We also see this in the casual use of profanity, and the prevalence of so-called “dark humour”.
Hah! I will display how ‘with it’ I still am by putting a swear word in my book title! That way people will know that I have the guts to speak truth to power, but that I can also let loose and present it like I’m a cool guy!
Examples of this phenomenon can be found at an airport bookstore near you.




So as a humble propagandist, I am going to try to present some short, brief, easy-to-apply alternatives to common verbiage utilized by these types. If you have someone in your life suffering from this affliction, try to deliberately (perhaps, obnoxiously) counter signal with some of the alternate language choices presented here. Social pressure can be just as powerful a tool for good as it can be for ill, and this demographic is particularly susceptible- despite believing that they are a collective of individual thinkers.
Problematic
Instead of saying “X is problematic”, try saying “I really don’t like X.” The neologism “problematic” is sneaky in the power it wields. Instead of saying “this particular thing bothers me, and I don’t want to engage with it”, the use of the word problematic says “there is something wrong with this thing and that should be addressed so I don’t have to engage with it.” It moves the responsibility from the observer to the thing itself, and assigns a negative quality to it instead of vocalizing a negative perspective of it. The real danger lies in that the repeated use of this term will cause others to echo it, and in the subconscious of the collective the mob will internalize that yes, there is something wrong with this thing, and it shouldn’t be allowed to exist in polite society.
Douche-Canoe (or other compound expletives used for creative name-calling)
Instead of calling someone you don’t like a “douche-canoe” (or other compound curse that combines a Class 3 curse word with a mundane term), just call them an asshole. I do believe that cursing in public, especially in front of children and women, degrades the fabric of our society, and it is something that has really gotten away from us in our culture. But I get that sometimes that car almost hit you while you were crossing the crosswalk, or you pinched your finger in the door frame moving that couch (every damn time…). In these scenarios, simpler is better. Quit trying to be zany and cute when your intent is to embarrass someone by calling them a name. Just be direct.
My guy/My Dude
Another insidious one here. Instead of beginning a scathing criticism or vitriolic rant with “my guy”, just get to the point. You are already addressing this person if you are beginning your screed this way, starting with “my dude” is unnecessary. However, the effect it does have is the linguistic/typed equivalent of physically breaching someone’s personal space.

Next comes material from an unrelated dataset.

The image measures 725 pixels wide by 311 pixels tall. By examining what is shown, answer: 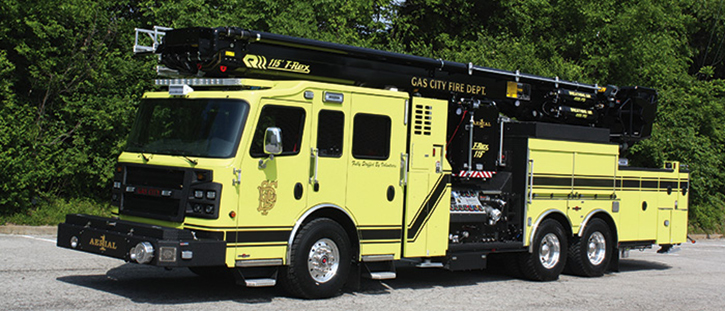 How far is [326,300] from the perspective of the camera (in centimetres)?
995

Personal space (or the Reaction Gap) is an important region of space because when two people are here together, the first one to make a violent attack will almost certainly land the blow (barring poor execution or incredibly fast reflexes). This knowledge is encoded in our brains, so we reserve this piece of precious real-estate for friends and loved ones. When someone physically walks into this space to close-talk with you, they are forcing their way into an intimate place and we feel a sense of invasion while they get a sense of domination. Addressing a stranger or a rival with “my guy” is a way to virtually invade personal space, and making sure all the witnesses to your verbal duelling know that you are taking the dominating position, while also giving the plausible deniability of saying “I was just trying to be friendly to ease the tension.” Give me a break. You’re being a bitch. Stop it.1
I hate everyone equally
Instead of expression universal contempt, just specify the person or group to whom you wish to direct your ire! This is another edgy phrase used by the “dark humour” fans addressed above. Out of a fear they will be accused of prejudice, or some type of other “ism” or “phobia”, these people will disguise their disgust at a category of person who has (likely) repeatedly wronged them by addressing all of humanity. No one is buying the universal misanthropy, but it gives a sneaky back door to bail out of accusations of any type of discrimination. This dovetails nicely into…
We need a new plague
Speaking of universal misanthropy, this saying expresses a desire to see fewer humans on the planet. You’d think after the years of 2020-2022, this expression would have fallen completely out of favour. And yet, if you listen closely you can still hear these words uttered. This sentiment likely comes from “main character syndrome”, where the speaker believes that even if there was a plague on the scale of the Black Death, they would emerge unharmed with plenty more available real estate in light of 4their deceased neighbours. Instead of saying “we need a new plague” try saying “this is the type of person I really don’t want to have around me.” Direct, to the point, no ambiguity, and you aren’t silently praying for the deaths of millions of people.
That just happened
We know. We saw it happen.
This expression is often used to diffuse tension after an uncomfortable outburst or demonstration of beliefs. Essentially, when someone breaks the social norms, and the perception of order needs to be restored, this phrase can be deployed to regard the outburst as an unwelcome anomaly, so all present can move on without addressing the subject itself. Instead of saying this, just try… not saying anything at all. Just move on with whatever it is you’re trying to do if you don’t have the time to address the claims themselves. Often, less is more.
Adulting
This has to be among my least favourite of the millennial neologisms. It is a new verb inventing to denote “operating in the real worlds like a functional human being” and encapsulates things such as waking up on time, going to work, making and fulfilling appointments, and the like. In days gone by, a term would be used to describe the operation of someone who appeared incapable of functioning properly. However for whatever reason- perhaps the competency crisis, childhood stretching out into the fourth decade of life, or an overall fear of responsibility- we have flipped the script and instead must use a term to describe when someone can handle normal functionality well. Instead of saying you are “adulting”, just fulfill your damn responsibilities and don’t draw attention to it.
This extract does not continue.